The Object of the Act, according to the Bench was two fold - i) to make better provision for the management of Hindu Religious Institutions; and ii) to have a uniform law, in the light of a long standing public demand, to provide for regulation of all Charitable Endowments and Hindu Religious Institutions in the State of Karnataka.
The Scheme of the Act was apparent on a plain reading of the same. It however, was evident that it did not apply to all Hindu religious institutions. It was limited in its application to particular religious institutions.
As regards the Constitutional validity of the Act with reference to Articles 14,25, and 26 of the Constitution of India, was concerned, the contention as regards the provisions of the Act being discriminatory and arbitrary in the matter of application of the Act is concerned, essentially the exclusion of maths etcetera, in terms of Section 1(4) and the exclusion of Buddhists, Jains or Sikhs in terms of Section 2(16) being in violation of Article 14 of the Constitution of India-the point was examined with reference to the following cases:
(1) Ram Krishna Dalmia and others vs. S.R. Tendolkar and others, MANU/SC/0024/1958 : AIR 1958 SC 538,
(2) Shri Swamiji of Shri Admar Mutt vs. Commissioner, Hindu Religious and Charitable Endowments Department and others, MANU/SC/0509/1979 : AIR 1980 SC 1,
(3) Dr. M. Ismail Faruqui and others vs. Union of India, MANU/SC/0860/1994 : AIR 1995 SC 605
(4) Shastri Yagnapurushdasji and others vs. Muldas Bhundardas Vaishya and another, MANU/SC/0040/1966 : AIR 1966 SC 1119,
(5) Dr. Ramesh Yeshwant Prabhoo v. Prabhakar Kashinath Kunte, MANU/SC/0982/1996 : AIR 1966 SC 1113,
(6) Pannalal Bansilal vs. State of Andhra Pradesh, MANU/SC/0276/1996 : AIR 1996 SC 1023,
(7) Bal Patil and another vs. Union of India, MANU/SC/0472/2005 : AIR 2005 SC,
(8) M.P. Gopalakrishnan Nair vs. State of Kerala, MANU/SC/0305/2005 : AIR 2005 SC 3053.
The contention of the writ petitioners was accepted, in the circumstance that the exclusion of maths, as being in violation of Article 14 of the Constitution of India. That the legislation was apparently not uniform in its application.

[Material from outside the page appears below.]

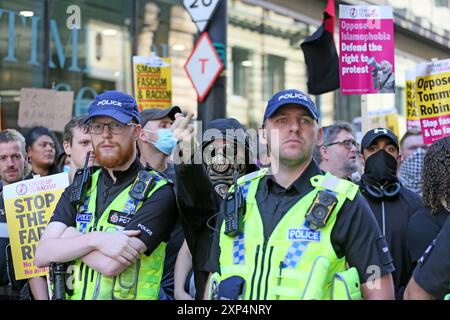 Manchester, Großbritannien. August 2024. Stellen Sie sich dem Rassismus entgegen und protestieren Sie gegen einwanderungsfeindliche Demonstranten, die die Ereignisse in Southport, wo drei Kinder ermordet wurden, auf die Straße gegangen sind, um ihre Botschaft zu verbreiten. In der Stadt gibt es eine starke Polizeipräsenz, die die Bewegung des Aufstandes gegen Rassismus-Proteste einschränkt. Manchester, Großbritannien. Stockfoto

It was also found that the Act did not apply to Hindu religious institutions or Charitable endowments - founded and managed by Hindu religious denominations. It was held that Hindu religious denomination temples were no different from other Hindu temples. The judgments in Mukundaraya Shenoy v. State of Mysore, MANU/KA/0087/1960 : AIR 1960 Mys. 18 and K. Eranna v. Hindu Religious and Charitable Endowments, 1970 (1) Mys. LJ 170 (DB), were cited with approval, to hold that the inapplicability of the Act to the Hindu Religious institutions run by Hindu religious denominations, as being violative of Article 14 of the Constitution of India. And that the State had failed in its duty to justify such exclusion.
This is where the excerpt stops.